Taking on EMC and Netapp with hyperconverged storage

Interview: For Dheeraj Pandey, Nutanix CEO, hyperconverged is not emerging - it is already the Second Act

By Sam

What is a Hyperconverged?
Building an abstraction layer to separate the storage substrate from the hypervisor and application will be Nirvana for users – but Nirvana is a difficult place to reach

Nutanix in numbers:
Nutanix is on an annualised $300m run rate based on fiscal Q2 figures ended January 31 2015.

The firm says it has 1200 customers including 50 who have purchased north of $1m in products and services.

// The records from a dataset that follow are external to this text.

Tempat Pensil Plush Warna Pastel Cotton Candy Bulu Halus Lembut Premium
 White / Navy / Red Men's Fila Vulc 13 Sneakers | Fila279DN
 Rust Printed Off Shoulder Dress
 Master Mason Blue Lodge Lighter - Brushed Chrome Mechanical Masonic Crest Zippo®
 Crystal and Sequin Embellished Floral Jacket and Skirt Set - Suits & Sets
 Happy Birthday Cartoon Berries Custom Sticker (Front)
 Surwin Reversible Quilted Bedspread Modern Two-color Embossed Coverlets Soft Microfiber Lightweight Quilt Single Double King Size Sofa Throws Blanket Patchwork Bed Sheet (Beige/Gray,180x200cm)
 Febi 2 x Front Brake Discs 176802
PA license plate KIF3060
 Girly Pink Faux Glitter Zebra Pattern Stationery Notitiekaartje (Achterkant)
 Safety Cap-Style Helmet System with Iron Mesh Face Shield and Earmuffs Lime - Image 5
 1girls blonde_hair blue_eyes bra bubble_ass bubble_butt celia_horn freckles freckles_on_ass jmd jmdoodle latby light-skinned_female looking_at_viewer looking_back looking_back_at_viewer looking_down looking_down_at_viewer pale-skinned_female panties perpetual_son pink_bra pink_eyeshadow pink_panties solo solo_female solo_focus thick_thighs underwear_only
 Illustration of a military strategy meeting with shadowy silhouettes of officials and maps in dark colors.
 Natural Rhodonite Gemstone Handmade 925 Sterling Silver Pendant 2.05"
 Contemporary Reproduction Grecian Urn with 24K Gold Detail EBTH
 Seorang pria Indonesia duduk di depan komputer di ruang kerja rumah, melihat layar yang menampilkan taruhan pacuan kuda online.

In five years it has raised $320m from five rounds of funding which started with VCs such as Lightspeed Venture Partners.
It employs 850 people.

Ambrose McNevin spoke with Dheerav Pandey, founder and CEO in London just before the latest figures were released to discuss the finances, the technology and the vision of the business.

Nutanix was founded in September 2009 by three individuals who wished to build a system that melded web scale engineering and consumer design.

"We set out to build web scale engineering which is all about running on x86 commodity servers but which would also be consumable by the masses, sellable by the channel, and manageable by college drop-out administrators as opposed to PhD qualified engineers, says Dheeraj Pandey, Founder and CEO"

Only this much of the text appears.